Let's take a look at the new Apple TV's features and compare them with the competition.

1. Siri

You can now yell at your TV -- and it will listen to you. It's a neat feature: Just touch the microphone button on your remote and tell your TV what you want to watch.

The Apple (AAPL) TV lets you say commands like, "Show me action movies," "jump ahead 7 minutes," or even, "What did she say?" With that last feature, the Apple TV will go back a few seconds and turn on closed captioning.

The ability to speak to your television is hardly unique to Apple TV. The feature is baked into many smart TVs, as well as the Roku 3, Xbox One, PlayStation 4 and Amazon's (AMZN) Fire TV. It even comes standard on Comcast's (CCV) Xfinity cable boxes and remotes.

2. The touchpad remote

The new Apple TV remote features a glass touch surface so you can navigate the Apple TV with swipes and gestures.

It connects to the Apple TV via Bluetooth, so you don't need to point it right at the box (but you do need to charge it every three months). It lets you control the volume on your TV, and it has a Nintendo Wii-like built-in motion sensor, so you can play video games and use your remote as a virtual baseball bat or pool cue.

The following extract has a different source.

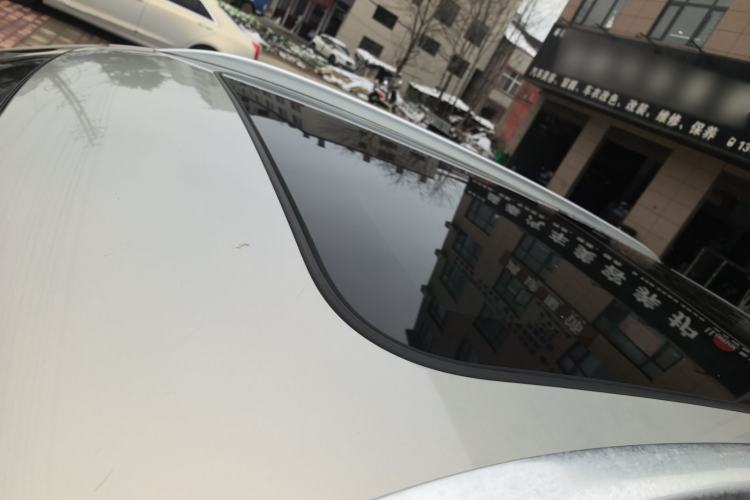 Used Hongqi HS5 2022 Facelifted Version 2.0T Smart Connect Flagship All-Wheel-Drive Edition Roof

Though the touch surface is particular to the Apple TV, many competitors, including Google's Chromecast, Fire TV and many cable apps, allow you to search for programming directly on your smartphone. Touch is compelling but not necessarily a game changer.

3. Universal search

Apple TV will now search across multiple apps. So you can search for a movie, and it will show up on your screen whether it's on Netflix (NFLX), Hulu, HBO or any number of other apps -- you no longer need to search inside every single app.

That's a fantastic feature -- but also not unique. The Roku, for example, lets you search by title, actor or director across all your apps.

4. Apps & tvOS

The new Apple TV will run on "tvOS," which will feature a third-party app store. It will open up the set-top box to new third-party content, apps and games.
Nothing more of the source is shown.